Just to note Louisiana no longer allows non unambitious jury verdicts a state constitutional amendment banning them overwhelmingly (64.4%) passed in November 2018. The amendment only applied to crimes committed after January 1 2019. It's not clear how many convictions there were by non unanimous juries. It's also not clear how many people in Louisiana were aware that juries didn't have to be unanimous, some polls indicated it was a sizable number.
I'm glad Louisiana will only allow ambitious jury verdicts from now on.
The cutoff date is for crimes committed, not prosecutions started? How bizarre, given that determining when something happened is sometimes part of the contention of the trial.
Somewhat related:
Andrew Fleischman pointed out on twitter this morning that at least one Georgia trial judge had a unique workaround to the jury unanimity requirement: dismiss the holdout who didn't believe the state's evidence and put the alternate in.

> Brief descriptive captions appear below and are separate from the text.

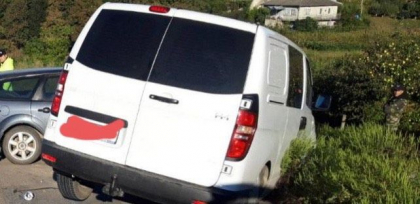 Accident in lant. Trei masini - grav avariate dupa ce s-au lovit puternic, la Hincesti. Un minor - transportat la spital - FOTO
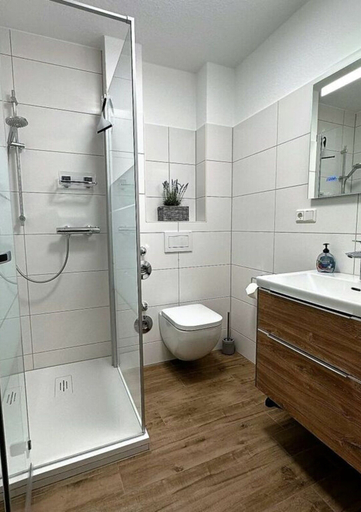 Bathroom 2, H&P Residenz Maisonette With Lake View, Cuxhaven
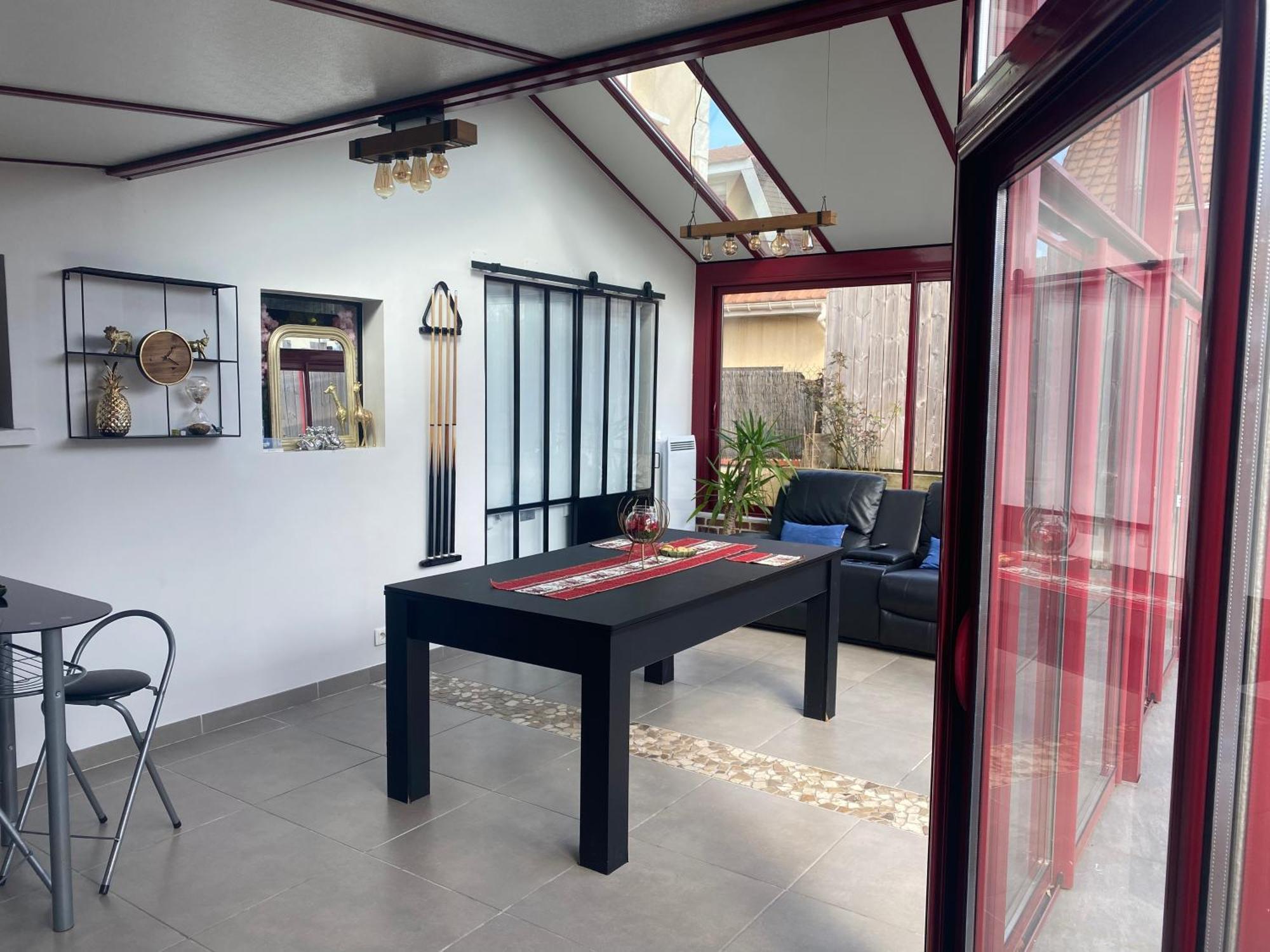 Dependance Avec Billard A Proximite Zenith Rouen Hotel Le Grand-Quevilly Exterior foto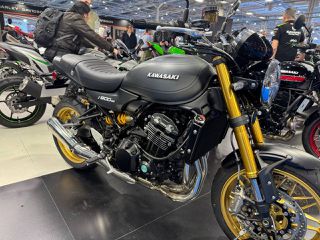 Kawasaki Z900RS 2025 SE  Έκπτωση 1300 € !!!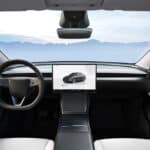 Tesla Model Y 2025 kab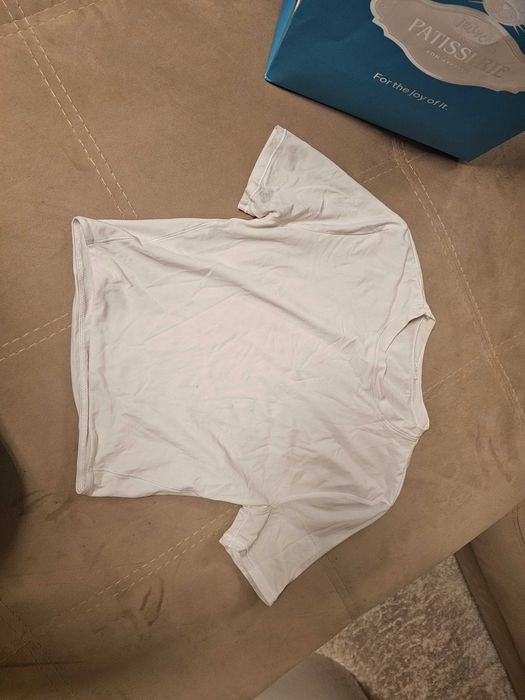 Подарява детски дрешки за момиче 9-12г и 2 нови чантички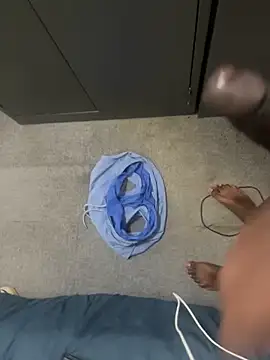 nightpapie2 online show from April 1, 2026, 1:41 pm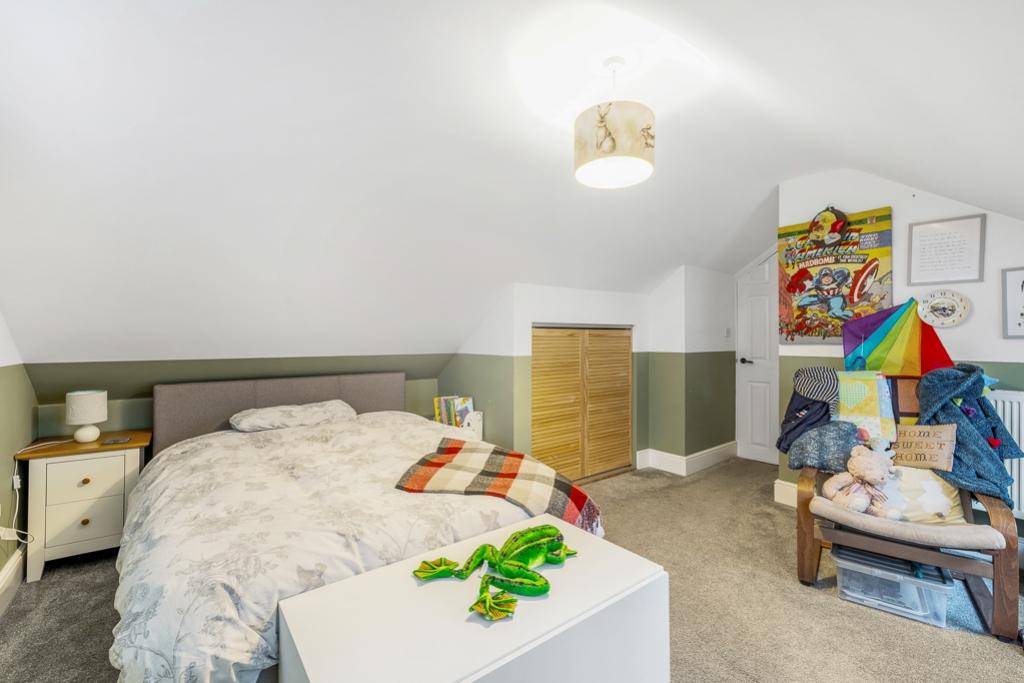 Flat 6 9 Cross O'Cliff Hill-22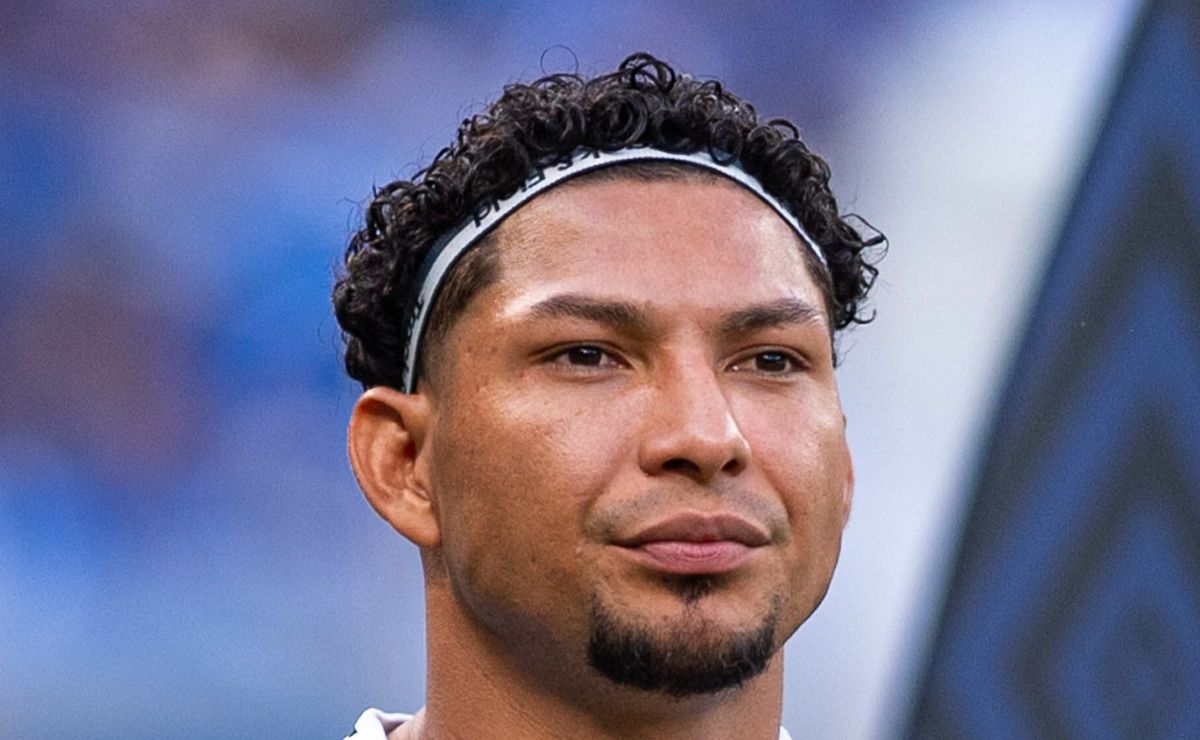 Cuca reencontra Rony e inicia missão de recuperar o futebol do atacante contratado pelo Santos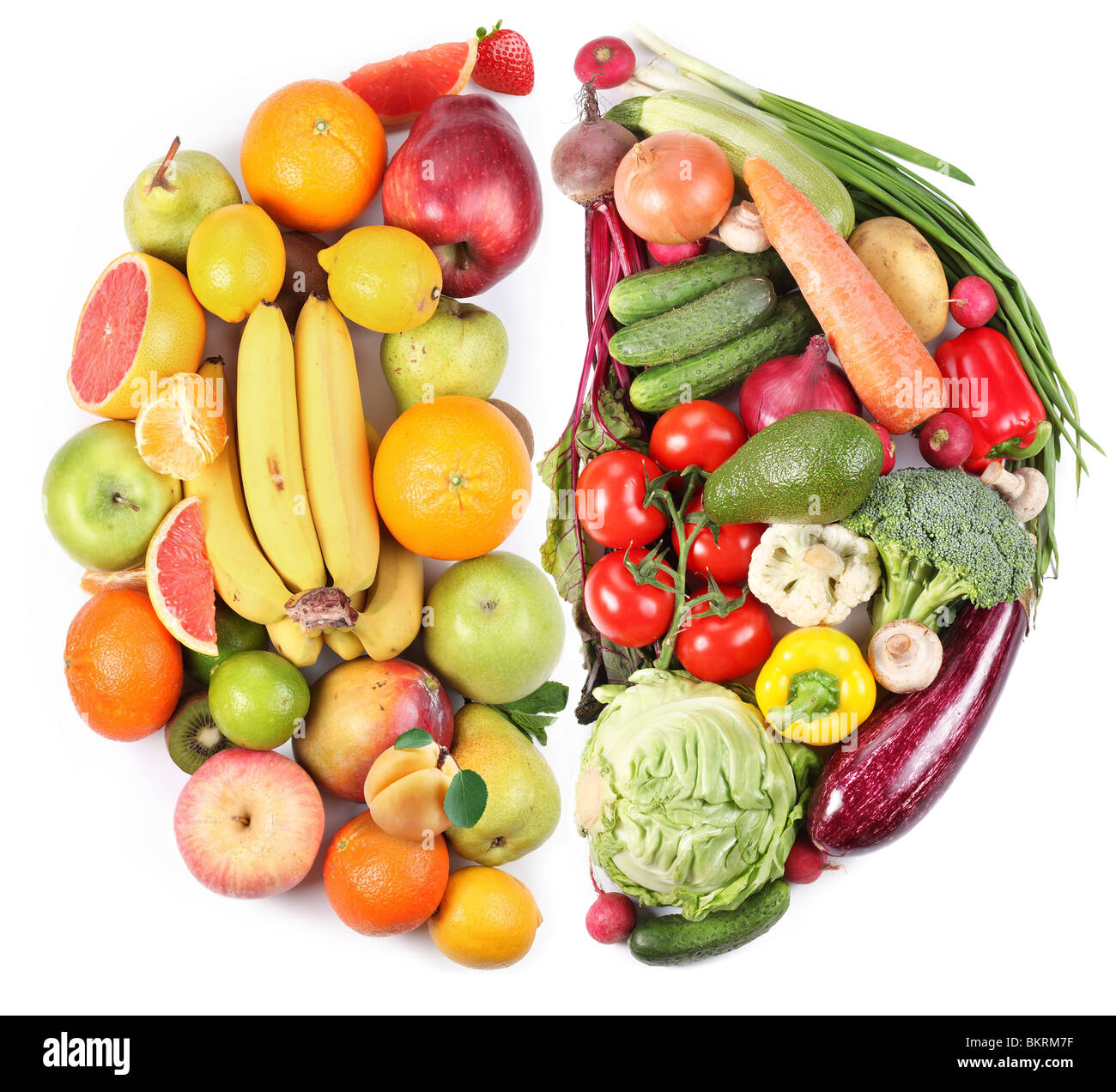 Frutta e verdura in forma di due semi-circoli su sfondo bianco Foto Stock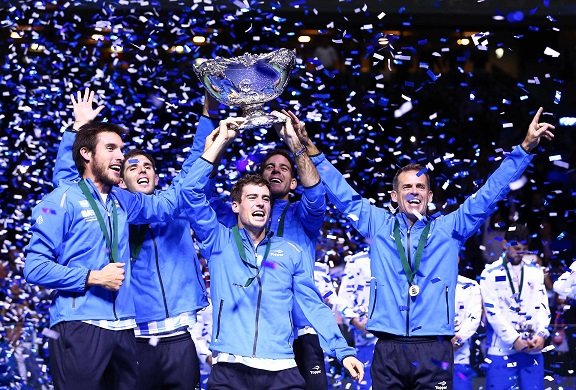 Tennis - Croatia v Argentina - Davis Cup Final - Arena Zagreb, Croatia - 27/11/16 Argentina's Leonardo Mayer, Guido Pella, Federico Delbonis, Juan Martin del Potro and Daniel Orsanic react during the victory ceremony.      REUTERS/Antonio Bronic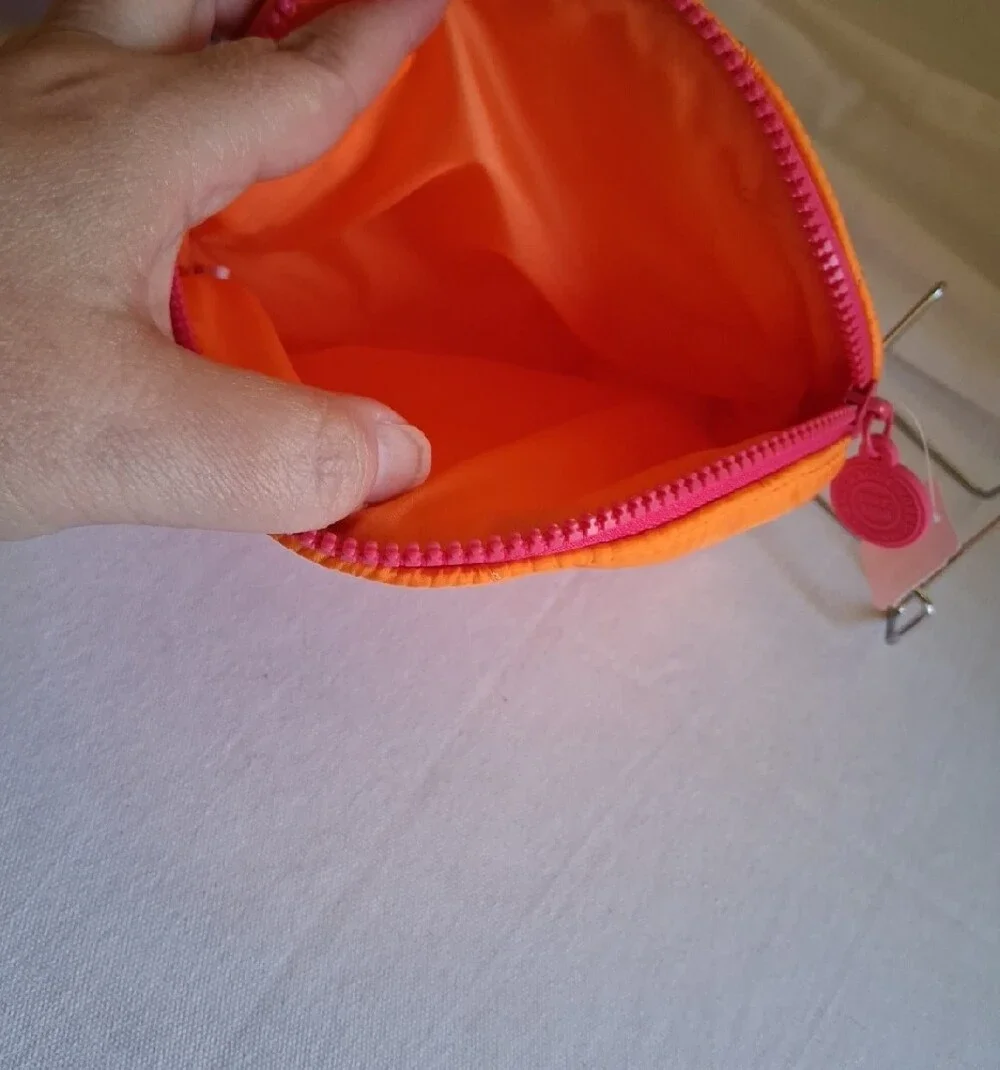 Bath & Body Works durable zipper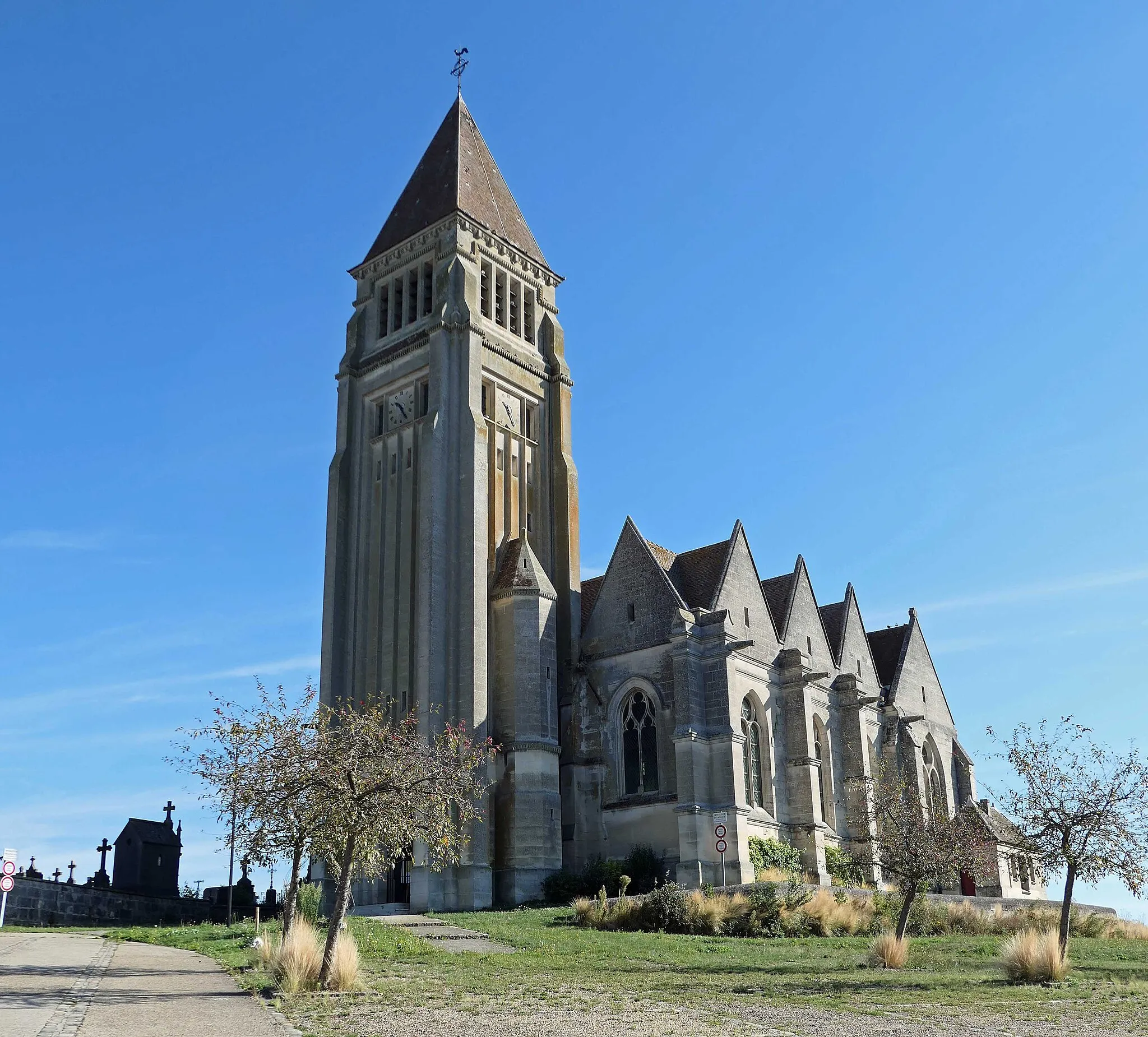 Photo showing: This building is indexed in the base Mérimée, a database of architectural heritage maintained by the French Ministry of Culture, under the reference PA00114920 .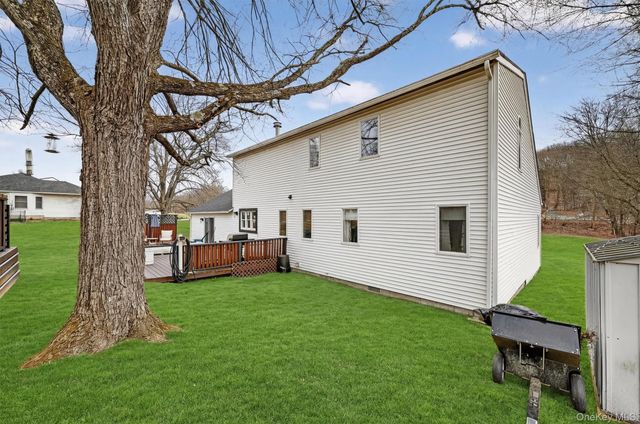 385 Route 284, Westtown, NY 10998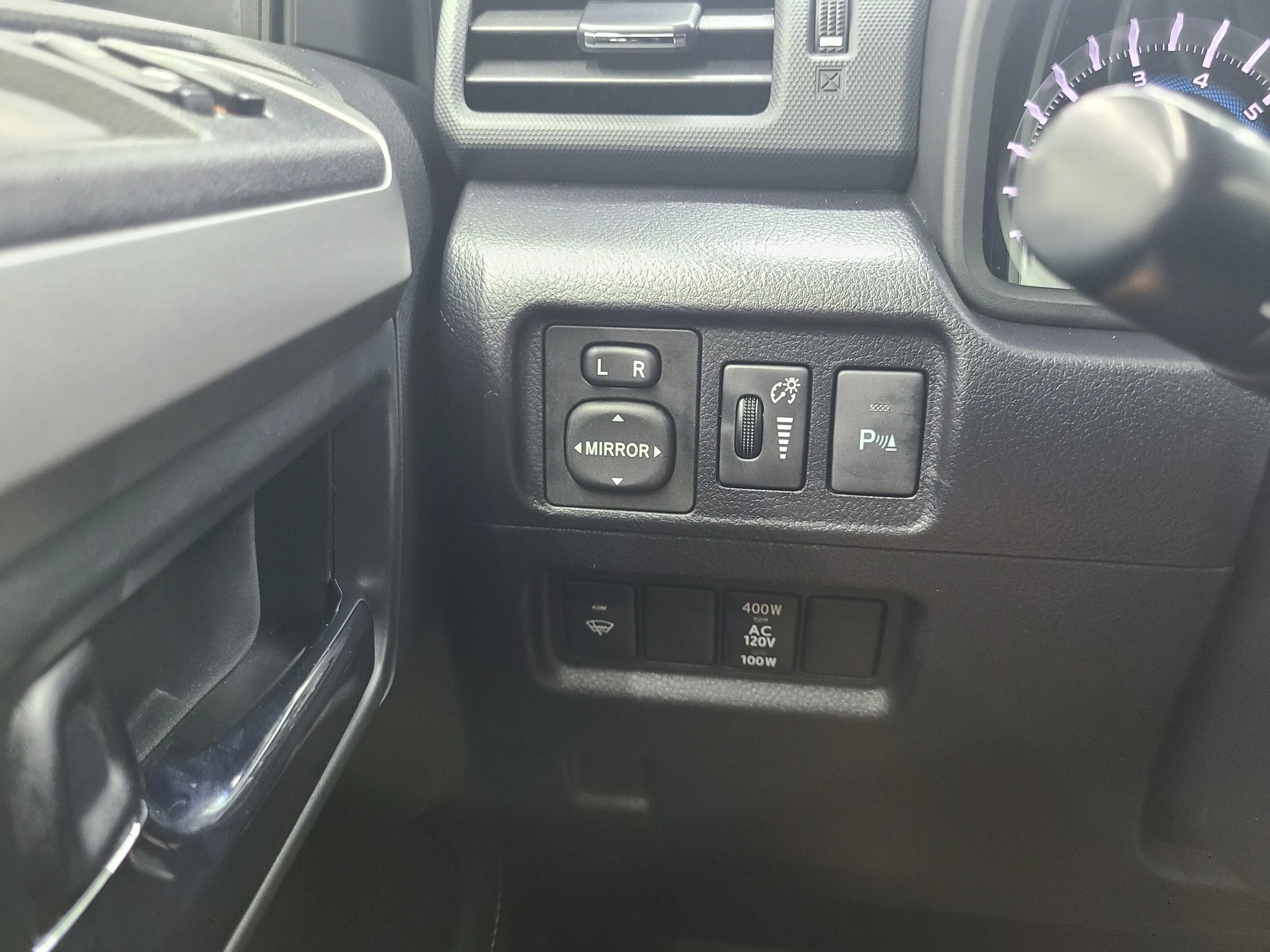 Used 2018 Toyota 4Runner Limited AWD/4WD image 31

The Georgia Supreme Court correctly held that he couldn't do that.
https://www.gasupreme.us/wp-content/uploads/2020/04/s20a0364.pdf
That is one of those cases where I wonder if the juror was in fact crazy or not operating in good faith, and did not simply come to a different conclusion than the rest of the jury. Some of the commentary suggests that may have been the case.
Of course what the judge should have done is declare a mistrial and start over with a new jury.
They did this to Scott Peterson in California.
The law isn't 100 percent clear that a trial judge can't do this. "Refusing to deliberate" is a ground for removal.
In the linked case, the judge literally removed the juror because he didn't believe the state's evidence. There was no claim that the juror refused to deliberate. IANAL, but I sure hope it's clear that judges can't do that.
The summary notes "but Justice Gorsuch's opinion is only joined in its entirety by three justices (Gorsuch, Ginsburg)." It should be "Breyer, Ginsburg)."
But you're ok with "joined...by three justices"? Can't anyone here count?
beyond a reasonable doubt is the standard. one dissention indicates reasonable doubt.
The Rights belongvto the accused not the court and jury.